Segment Open
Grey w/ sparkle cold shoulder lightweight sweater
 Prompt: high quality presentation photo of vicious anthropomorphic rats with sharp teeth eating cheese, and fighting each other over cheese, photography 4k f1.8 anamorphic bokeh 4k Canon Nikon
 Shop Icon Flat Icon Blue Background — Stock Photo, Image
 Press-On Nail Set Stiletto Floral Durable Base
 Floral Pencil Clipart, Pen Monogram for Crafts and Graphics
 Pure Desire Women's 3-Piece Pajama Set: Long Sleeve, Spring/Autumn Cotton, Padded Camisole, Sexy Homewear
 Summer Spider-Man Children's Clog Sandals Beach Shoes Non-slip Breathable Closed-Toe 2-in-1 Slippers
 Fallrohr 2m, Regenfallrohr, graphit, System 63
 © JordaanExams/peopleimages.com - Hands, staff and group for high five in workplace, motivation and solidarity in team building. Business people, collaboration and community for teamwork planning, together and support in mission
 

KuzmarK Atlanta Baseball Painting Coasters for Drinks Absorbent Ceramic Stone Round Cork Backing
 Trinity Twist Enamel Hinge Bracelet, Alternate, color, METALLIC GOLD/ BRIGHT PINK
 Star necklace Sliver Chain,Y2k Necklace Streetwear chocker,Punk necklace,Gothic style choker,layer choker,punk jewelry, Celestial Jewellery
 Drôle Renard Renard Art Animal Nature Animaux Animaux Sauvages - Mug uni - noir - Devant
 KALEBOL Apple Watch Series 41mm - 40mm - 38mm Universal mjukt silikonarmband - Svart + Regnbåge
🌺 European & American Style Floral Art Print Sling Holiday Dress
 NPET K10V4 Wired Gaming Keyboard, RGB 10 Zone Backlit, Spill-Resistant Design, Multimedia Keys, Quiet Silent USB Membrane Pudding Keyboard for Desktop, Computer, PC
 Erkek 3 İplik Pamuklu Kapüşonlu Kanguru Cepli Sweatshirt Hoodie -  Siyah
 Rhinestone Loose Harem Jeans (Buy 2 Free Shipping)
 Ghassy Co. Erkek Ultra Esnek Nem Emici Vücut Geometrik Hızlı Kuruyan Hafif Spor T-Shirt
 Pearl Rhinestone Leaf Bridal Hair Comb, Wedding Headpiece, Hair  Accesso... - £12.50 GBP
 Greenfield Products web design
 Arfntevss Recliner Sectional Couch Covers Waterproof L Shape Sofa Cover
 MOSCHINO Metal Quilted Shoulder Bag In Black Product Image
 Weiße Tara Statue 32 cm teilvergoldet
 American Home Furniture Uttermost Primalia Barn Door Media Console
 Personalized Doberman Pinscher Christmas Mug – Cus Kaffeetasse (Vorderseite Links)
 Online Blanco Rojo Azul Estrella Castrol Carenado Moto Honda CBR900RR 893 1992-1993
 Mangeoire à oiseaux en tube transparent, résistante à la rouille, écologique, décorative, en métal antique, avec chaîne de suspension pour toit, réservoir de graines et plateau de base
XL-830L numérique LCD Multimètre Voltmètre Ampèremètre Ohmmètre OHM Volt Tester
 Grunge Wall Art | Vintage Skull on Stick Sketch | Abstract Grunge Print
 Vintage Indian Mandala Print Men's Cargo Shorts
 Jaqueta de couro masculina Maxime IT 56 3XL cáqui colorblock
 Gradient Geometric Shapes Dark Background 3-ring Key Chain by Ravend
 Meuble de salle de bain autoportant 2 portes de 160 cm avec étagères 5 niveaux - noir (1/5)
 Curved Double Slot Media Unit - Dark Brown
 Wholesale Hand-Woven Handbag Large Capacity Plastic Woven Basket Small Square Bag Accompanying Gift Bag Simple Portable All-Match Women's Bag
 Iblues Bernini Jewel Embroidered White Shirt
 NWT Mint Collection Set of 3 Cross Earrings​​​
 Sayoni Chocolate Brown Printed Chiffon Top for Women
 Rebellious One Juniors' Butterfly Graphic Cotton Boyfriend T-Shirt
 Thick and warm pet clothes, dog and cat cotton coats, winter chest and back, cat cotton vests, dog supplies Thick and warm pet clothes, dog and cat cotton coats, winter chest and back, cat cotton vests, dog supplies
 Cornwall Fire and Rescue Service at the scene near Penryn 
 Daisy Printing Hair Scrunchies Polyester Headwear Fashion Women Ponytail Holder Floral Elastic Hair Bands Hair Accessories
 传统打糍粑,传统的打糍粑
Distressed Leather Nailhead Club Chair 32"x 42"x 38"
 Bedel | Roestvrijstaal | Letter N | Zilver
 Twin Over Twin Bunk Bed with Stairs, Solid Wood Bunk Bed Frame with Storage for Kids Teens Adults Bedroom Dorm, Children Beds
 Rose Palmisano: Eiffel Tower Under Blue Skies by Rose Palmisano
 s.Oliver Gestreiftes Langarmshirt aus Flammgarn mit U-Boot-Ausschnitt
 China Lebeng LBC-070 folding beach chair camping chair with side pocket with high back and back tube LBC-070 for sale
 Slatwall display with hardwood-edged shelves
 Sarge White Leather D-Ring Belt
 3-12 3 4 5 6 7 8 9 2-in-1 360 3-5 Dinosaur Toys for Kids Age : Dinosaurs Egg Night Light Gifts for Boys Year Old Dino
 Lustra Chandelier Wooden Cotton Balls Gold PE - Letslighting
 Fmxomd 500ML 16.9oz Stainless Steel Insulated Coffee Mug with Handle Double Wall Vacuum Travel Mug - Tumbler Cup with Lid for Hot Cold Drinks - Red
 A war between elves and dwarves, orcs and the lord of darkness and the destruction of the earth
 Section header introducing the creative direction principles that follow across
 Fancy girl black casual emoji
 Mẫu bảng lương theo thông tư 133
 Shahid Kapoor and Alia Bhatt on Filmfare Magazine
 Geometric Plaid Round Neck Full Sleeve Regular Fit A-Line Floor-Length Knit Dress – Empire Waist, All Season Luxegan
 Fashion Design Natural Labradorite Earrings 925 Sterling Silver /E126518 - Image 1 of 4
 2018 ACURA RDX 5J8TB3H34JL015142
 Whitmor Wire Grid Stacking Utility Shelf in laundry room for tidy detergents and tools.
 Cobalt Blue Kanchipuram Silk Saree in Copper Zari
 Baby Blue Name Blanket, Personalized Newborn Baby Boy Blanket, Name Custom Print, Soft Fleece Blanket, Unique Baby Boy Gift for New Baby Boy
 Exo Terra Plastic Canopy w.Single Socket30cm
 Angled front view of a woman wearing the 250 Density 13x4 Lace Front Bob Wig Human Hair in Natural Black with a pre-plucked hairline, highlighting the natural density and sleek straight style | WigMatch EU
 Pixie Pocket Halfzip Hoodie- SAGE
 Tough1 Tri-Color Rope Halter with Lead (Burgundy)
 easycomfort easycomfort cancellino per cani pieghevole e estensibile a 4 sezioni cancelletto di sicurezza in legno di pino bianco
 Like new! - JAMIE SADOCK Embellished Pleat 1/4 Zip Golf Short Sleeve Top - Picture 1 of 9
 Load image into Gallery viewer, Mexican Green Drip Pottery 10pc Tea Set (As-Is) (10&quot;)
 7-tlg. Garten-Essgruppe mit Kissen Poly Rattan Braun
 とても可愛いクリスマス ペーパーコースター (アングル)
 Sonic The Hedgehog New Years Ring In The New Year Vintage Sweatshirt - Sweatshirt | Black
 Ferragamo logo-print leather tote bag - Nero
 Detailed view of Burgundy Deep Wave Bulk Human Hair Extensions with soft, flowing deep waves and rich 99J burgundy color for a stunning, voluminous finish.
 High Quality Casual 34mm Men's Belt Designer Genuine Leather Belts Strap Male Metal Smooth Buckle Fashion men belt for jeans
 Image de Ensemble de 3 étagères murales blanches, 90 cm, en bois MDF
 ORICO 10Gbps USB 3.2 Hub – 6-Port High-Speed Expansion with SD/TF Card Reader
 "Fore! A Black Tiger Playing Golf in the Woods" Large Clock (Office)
Segment Closed
A word-for-word copy of the lines above from the one with "Erkek 3 İplik" through the one with "Gradient Geometric Shapes", inclusive, is the only output wanted.

 Erkek 3 İplik Pamuklu Kapüşonlu Kanguru Cepli Sweatshirt Hoodie -  Siyah
 Rhinestone Loose Harem Jeans (Buy 2 Free Shipping)
 Ghassy Co. Erkek Ultra Esnek Nem Emici Vücut Geometrik Hızlı Kuruyan Hafif Spor T-Shirt
 Pearl Rhinestone Leaf Bridal Hair Comb, Wedding Headpiece, Hair  Accesso... - £12.50 GBP
 Greenfield Products web design
 Arfntevss Recliner Sectional Couch Covers Waterproof L Shape Sofa Cover
 MOSCHINO Metal Quilted Shoulder Bag In Black Product Image
 Weiße Tara Statue 32 cm teilvergoldet
 American Home Furniture Uttermost Primalia Barn Door Media Console
 Personalized Doberman Pinscher Christmas Mug – Cus Kaffeetasse (Vorderseite Links)
 Online Blanco Rojo Azul Estrella Castrol Carenado Moto Honda CBR900RR 893 1992-1993
 Mangeoire à oiseaux en tube transparent, résistante à la rouille, écologique, décorative, en métal antique, avec chaîne de suspension pour toit, réservoir de graines et plateau de base
XL-830L numérique LCD Multimètre Voltmètre Ampèremètre Ohmmètre OHM Volt Tester
 Grunge Wall Art | Vintage Skull on Stick Sketch | Abstract Grunge Print
 Vintage Indian Mandala Print Men's Cargo Shorts
 Jaqueta de couro masculina Maxime IT 56 3XL cáqui colorblock
 Gradient Geometric Shapes Dark Background 3-ring Key Chain by Ravend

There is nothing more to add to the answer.